Lou had a regular rotation of nursing students, medical interns, and attending physicians visiting him in a steady stream during his first few hours in the ER.
Each group’s leader asked Lou the same questions, and Lou willingly answered. He gave them plenty of details about his presenting symptoms, and every time, the attending physicians and their students left the room with the same baffled expressions on their faces.
One time, I stepped out to get myself a cup of coffee, and when I returned, Lou was surrounded on every side of the bed by a group of medical students. There was a slim female doctor dressed in an official looking lab coat up at the head of the bed. I recall that she was quite a stunner.
The rest of her students were awkwardly leaning in to check out Lou’s blatantly exposed penis. As I fully entered the room, I heard Lou say, “Big Jim usually has more game than this…” and the whole group nervously laughed at his joke.
That’s Lou.
He always had a way of making what was happening to him less awful by finding the humor in it. But once the room finally cleared, and I could see Lou’s face, I knew the strain and the pain were starting to take a toll. We were waiting on some lab work to come back, and once it did, then the urology department was supposed to be sending down a nurse to insert a catheter, and to inject Lou with some special dye so they could run some scans on Lou’s (sad) kidneys.
But until the tests were run, they didn’t even offer Lou an aspirin to help him cope with the pain. All the poking, prodding, and inspecting were starting to actually bruise Lou’s abdomen and thighs, and “Big Jim” was staring to look greenish-purple.
Waiting in a hospital is always exhausting, but for Lou, it was starting to get unbearable. His arms were covered in bandages from all the blood the nurses drew so they could run countless tests to rule out every possibility. By that time, Lou was also officially running a low-grade fever, and his normally healthy blood pressure was elevated.
So a nurse hooked up Lou’s arm to this horribly noisy machine that kept taking his BP every twenty minutes or so. When the machine would click on, the sound was so loud it was causing my BP to skyrocket.
Eventually, a nurse with a clipboard and digital scanning device came into the room. She scanned the barcode on Lou’s wristband, checked a reading on her scanner, and then informed Lou that she would be taking him to the urology wing to start his kidney scans. Soon after, another woman dressed in a dark suit came in to ask Lou some billing questions before the other nurse could take him to urology for the scans.
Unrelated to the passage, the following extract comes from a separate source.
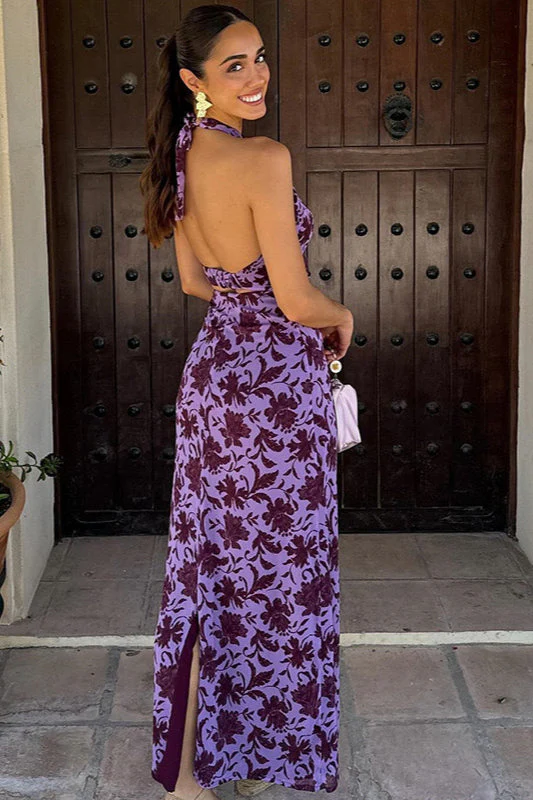 Backless Halter Print Slit Maxi Dress - Image 3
The lady in the suit seemed overworked and very tired, but I hoped that she would at least be understanding about our unusual circumstances. But it was hard to put a lot of faith in her understanding qualities when she started asking all of her questions. She asked her various queries in a very loud voice – as if Lou was hard of hearing – and she would quickly move on to the next question before Lou could explain his answers in any kind of detail.
Clearly, she just wanted the facts — not the back story.
The suit lady mostly wanted to confirm that Lou didn’t have insurance — of any kind — and that he was currently without a permanent home address or employer. Lou graciously confirmed all of her awkward questions about our financial health while the nurse started pulling out clear tubes, and these little blue towels from a stack of drawers that she wheeled in from the hallway.
After Lou signed a few papers on the suit lady’s clipboard, the urology nurse wheeled Lou out of the room on his gurney. Over her shoulder, the nurse promised me that she’d bring Lou back to “this room” in a little while.
Before the suit lady left, she handed me a pen and a packet of papers to fill out. Then, she gave me her card and instructed me to join her in her office on the third floor when I was finished so she could formerly process Lou as an “indigent patient.”
Indigent patient?
That’s what Lou was?
When I was alone in the hallway outside of Lou’s ER bay, I started the daunting task of filling out pages and pages of intake forms that had hundreds of basic questions that I wasn’t sure how to answer. Outside of Lou’s full name, marital status, and his social security number, every other question on these forms had no stable or accurate answer to give.
Did I put our old address in Sarasota — where we’d recently been evicted — as our “Current Mailing Address”?
Should I put down “Wrinkle Cream Salesman” as Lou’s “Job Title”?
And should I just guess what his income from the wrinkle cream company was going to be?
Those questions are just the tip of the iceberg.
When I was trying to reduce my life to entries on a medical intake form, I’ve never felt worse about myself.